Please reproduce the data exactly, though every picture must stay out.
=== Section Start ===
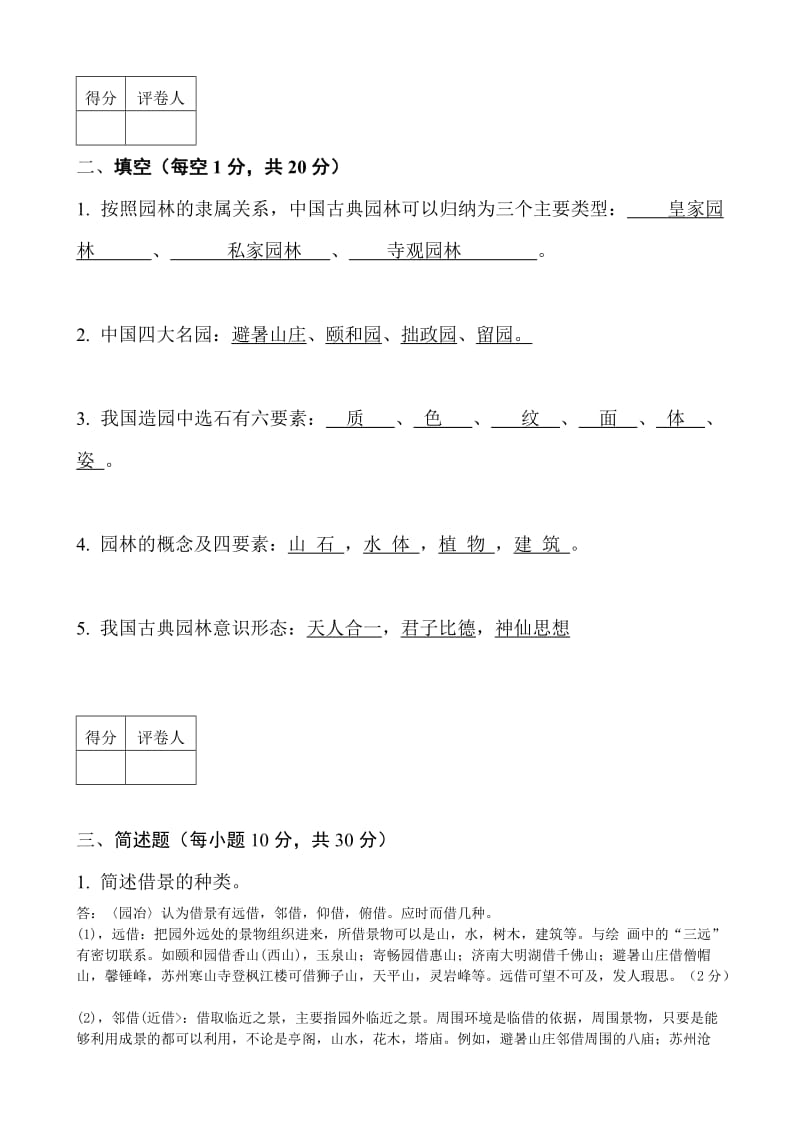 园林艺术原理试题(B卷)答案.doc_第2页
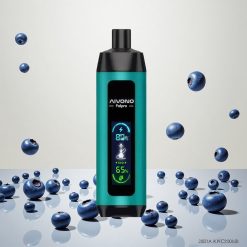Aivono AIM FATPRO 22000 Puffs Blåbær med 28ml E-væske og 0,6 ohm Mesh Coil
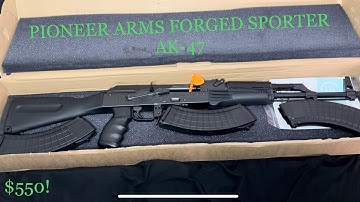 Cover Image for (2023) PIONEER ARMS FORGED SERIES SPORTER AK-47 UNBOXING! $550 BLEM! #unboxing #pioneerarms #ak47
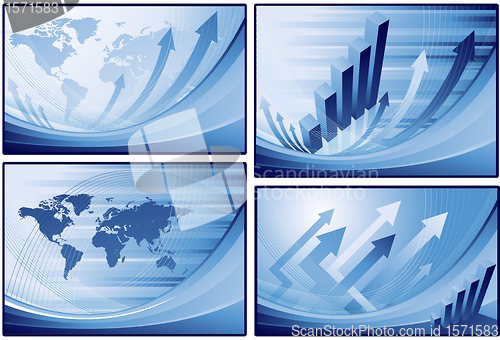 Image of Blue finance business background
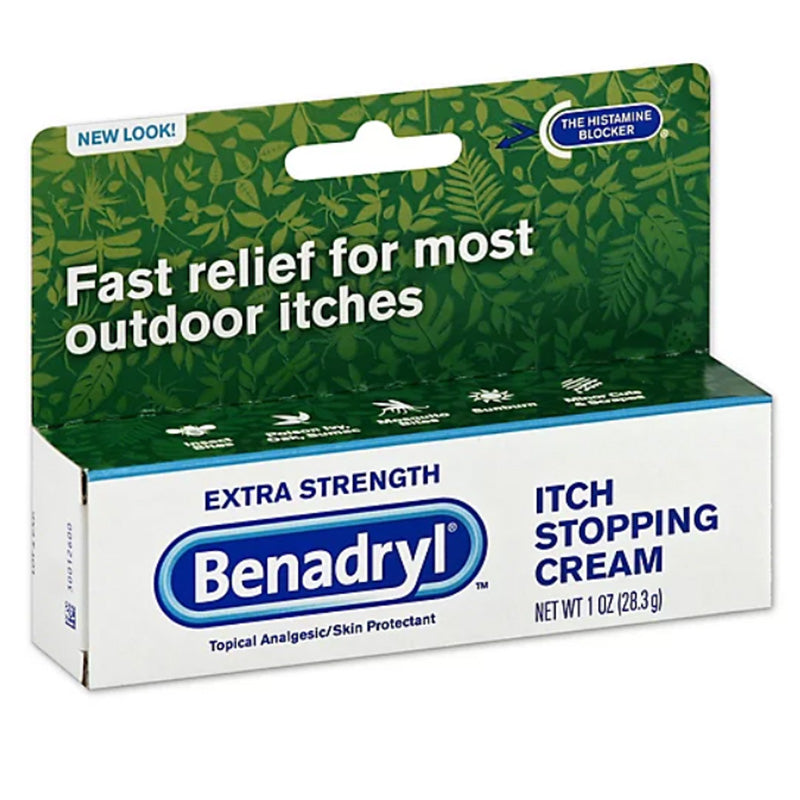 Benadryl Extra Strength AntiItch Cream for Rashes and Insect Bites, 1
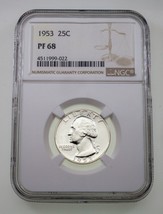 1953 25C Washington Quarter Proof Graded by NGC as PF68 - £79.12 GBP
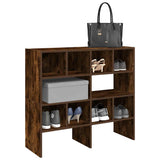 Shoe Racks 2 pcs Stackable Smoked Oak 89.5x30x40 cm 858848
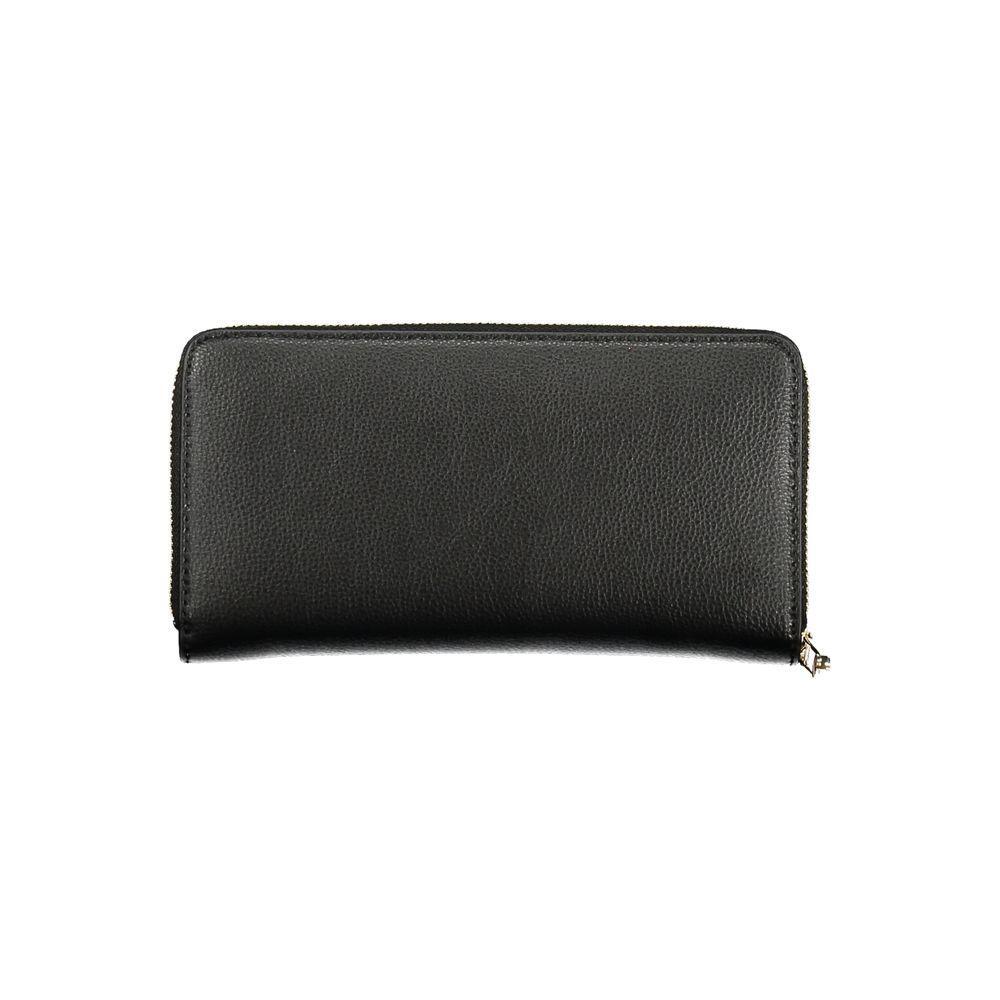 Tommy Hilfiger Black Polyethylene Women Wallet TO-36339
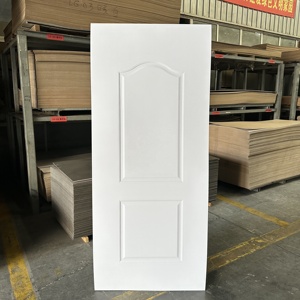 Panneau de porte en MDF blanc pur utilisé pour la décoration de portes en bois d'intérieur. Plusieurs styles sont disponibles pour créer un style minimaliste - Product Image 2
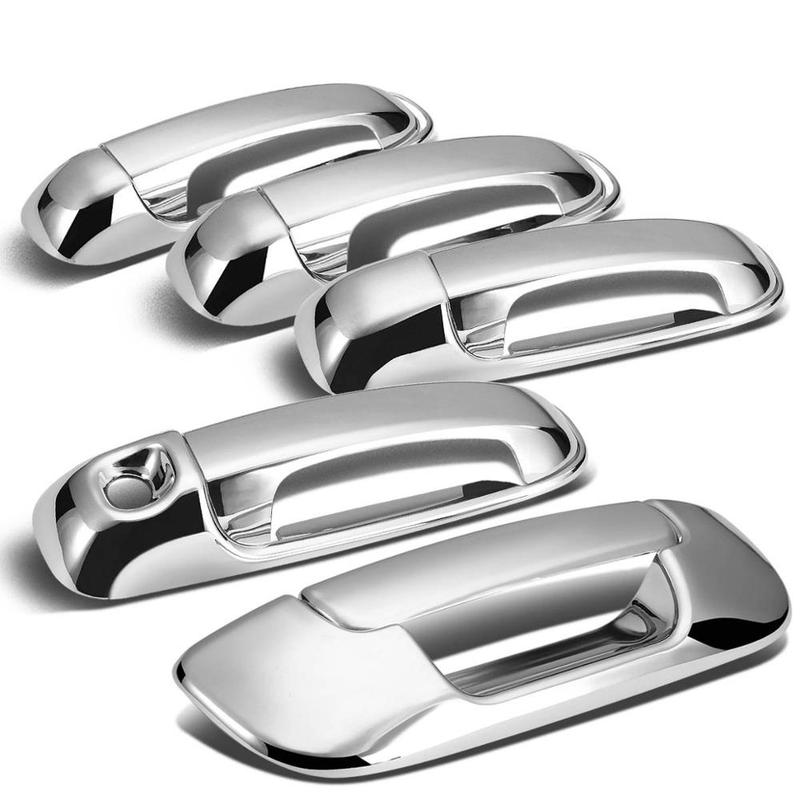 ABS Chrome Door Handle Cover + Tailgate Cover For 02-08 Dodge Ram 1500 / 04-09 Dodge Ram 2500 / 03-09 Dodge Ram 3500 4 DOOR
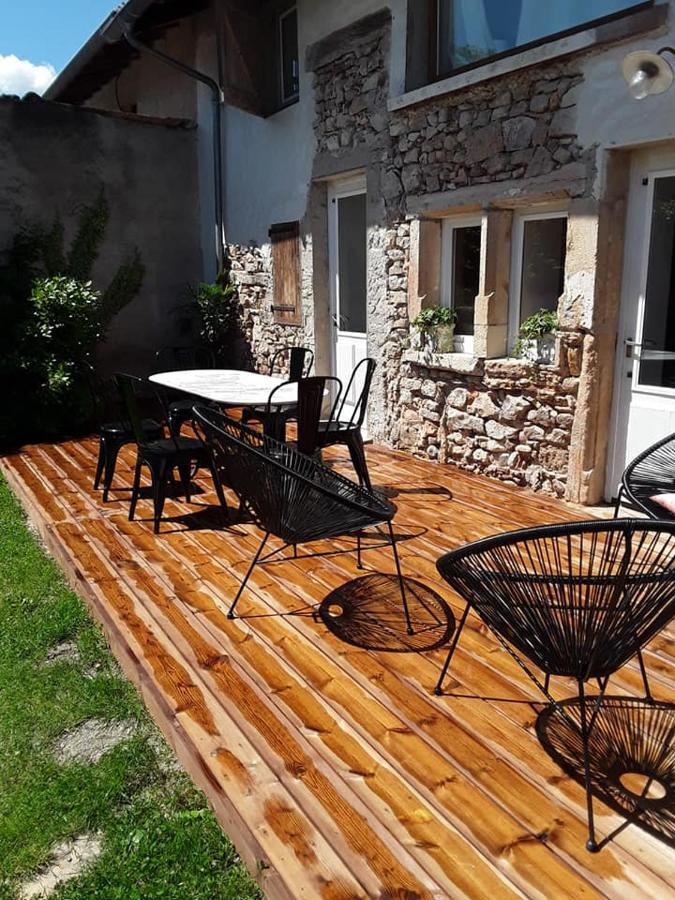 Gite Le Pot De Vin Lancie Экстерьер фото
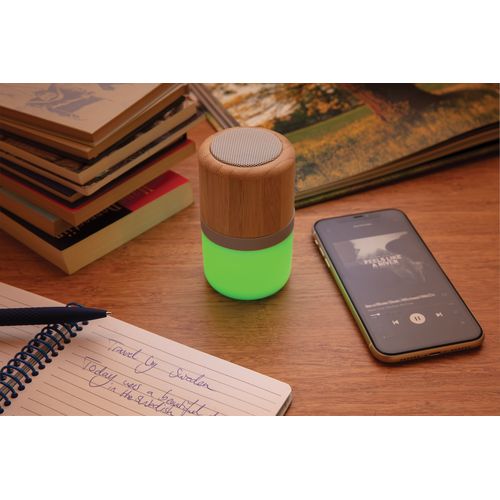 Bamboo colour changing 3W speaker light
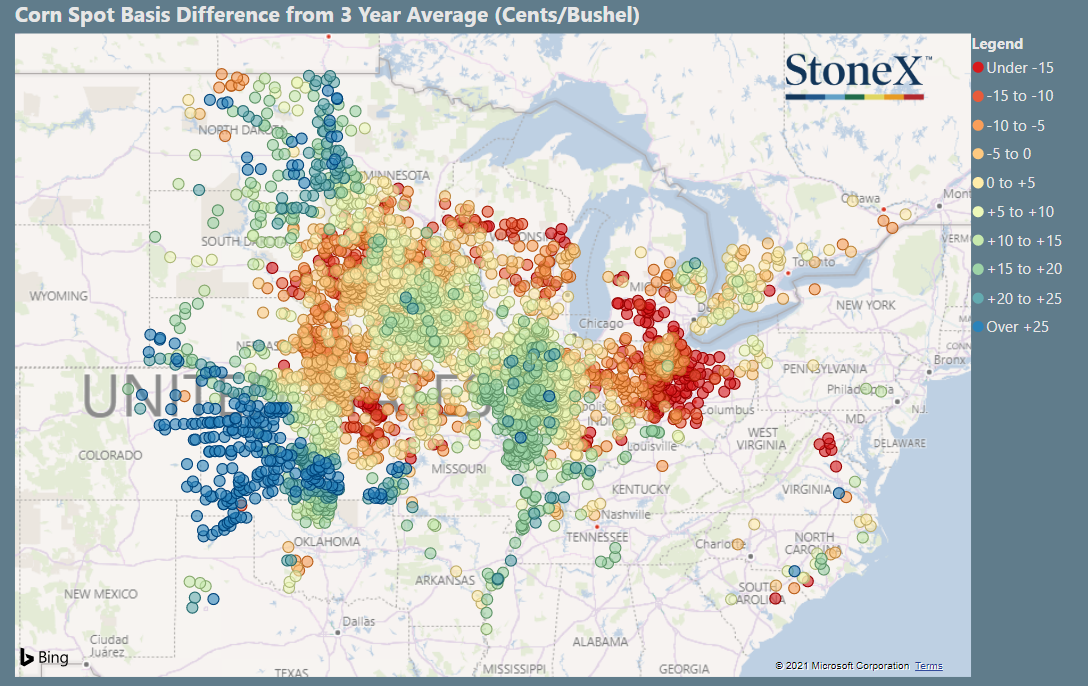 U.S. Corn Basis Maps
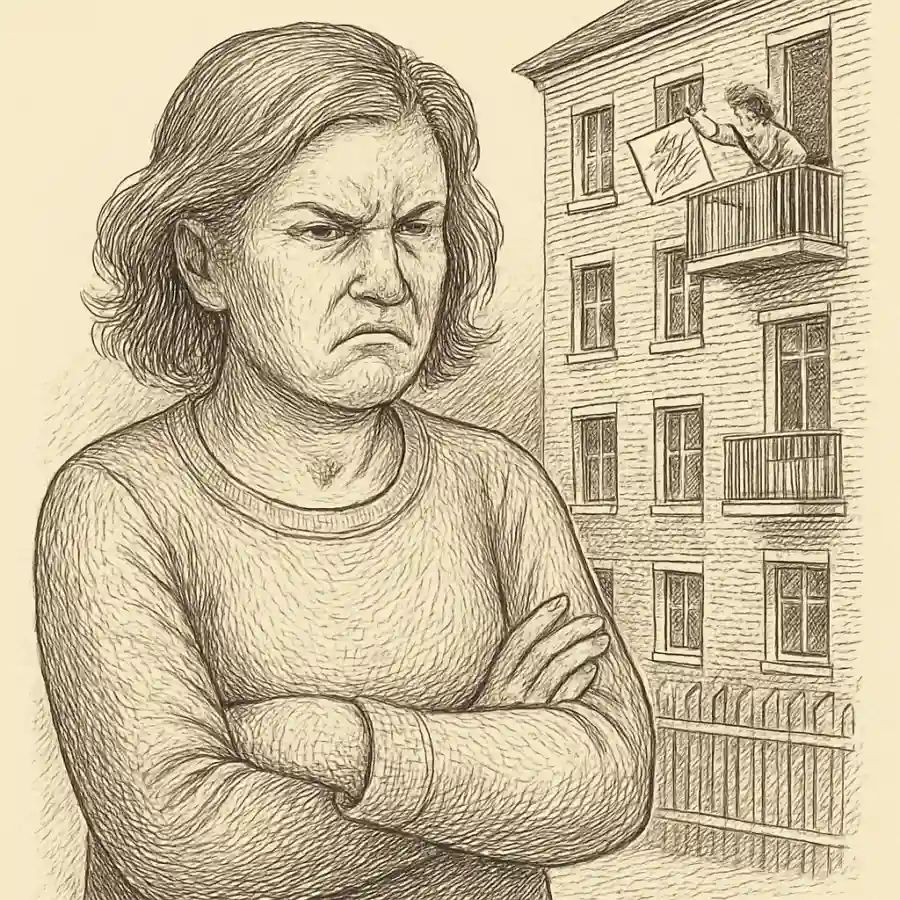 Me dio rabia el famoso “cálmate — ilustración Ilustración en grabado sobre Me dio rabia el famoso “cálmate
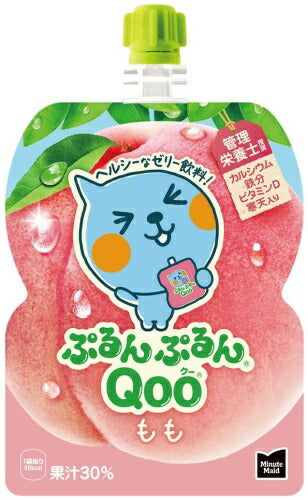 コカ・コーラ ミニッツメイド ぷるんぷるんQoo クー もも 125g パウチ 30本入 ゼリー飲料 おやつ 手軽
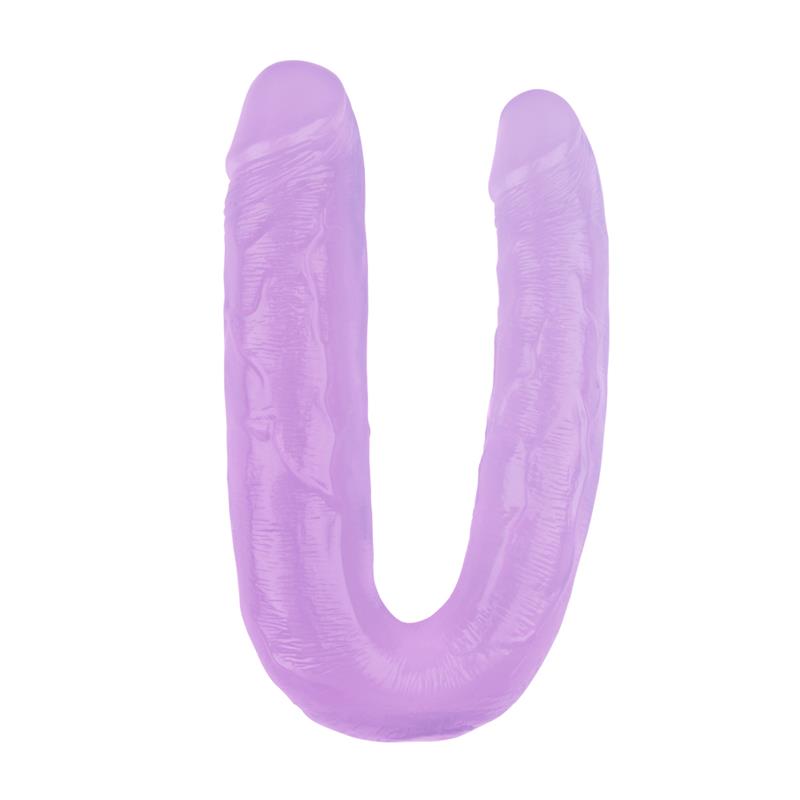CHISA - DILDO DOBLE 17.7 - 22.5CM PURPURA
=== Section End ===
■ ANSWER AREA ■
 园林艺术原理试题(B卷)答案.doc_第2页
Aivono AIM FATPRO 22000 Puffs Blåbær med 28ml E-væske og 0,6 ohm Mesh Coil
 Cover Image for (2023) PIONEER ARMS FORGED SERIES SPORTER AK-47 UNBOXING! $550 BLEM! #unboxing #pioneerarms #ak47
 Image of Blue finance business background
 Benadryl Extra Strength AntiItch Cream for Rashes and Insect Bites, 1
 1953 25C Washington Quarter Proof Graded by NGC as PF68 - £79.12 GBP
 Shoe Racks 2 pcs Stackable Smoked Oak 89.5x30x40 cm 858848
 Tommy Hilfiger Black Polyethylene Women Wallet TO-36339
 Panneau de porte en MDF blanc pur utilisé pour la décoration de portes en bois d'intérieur. Plusieurs styles sont disponibles pour créer un style minimaliste - Product Image 2
 ABS Chrome Door Handle Cover + Tailgate Cover For 02-08 Dodge Ram 1500 / 04-09 Dodge Ram 2500 / 03-09 Dodge Ram 3500 4 DOOR
 Gite Le Pot De Vin Lancie Экстерьер фото
 Bamboo colour changing 3W speaker light
 U.S. Corn Basis Maps
 Me dio rabia el famoso “cálmate — ilustración Ilustración en grabado sobre Me dio rabia el famoso “cálmate
 コカ・コーラ ミニッツメイド ぷるんぷるんQoo クー もも 125g パウチ 30本入 ゼリー飲料 おやつ 手軽
CHISA - DILDO DOBLE 17.7 - 22.5CM PURPURA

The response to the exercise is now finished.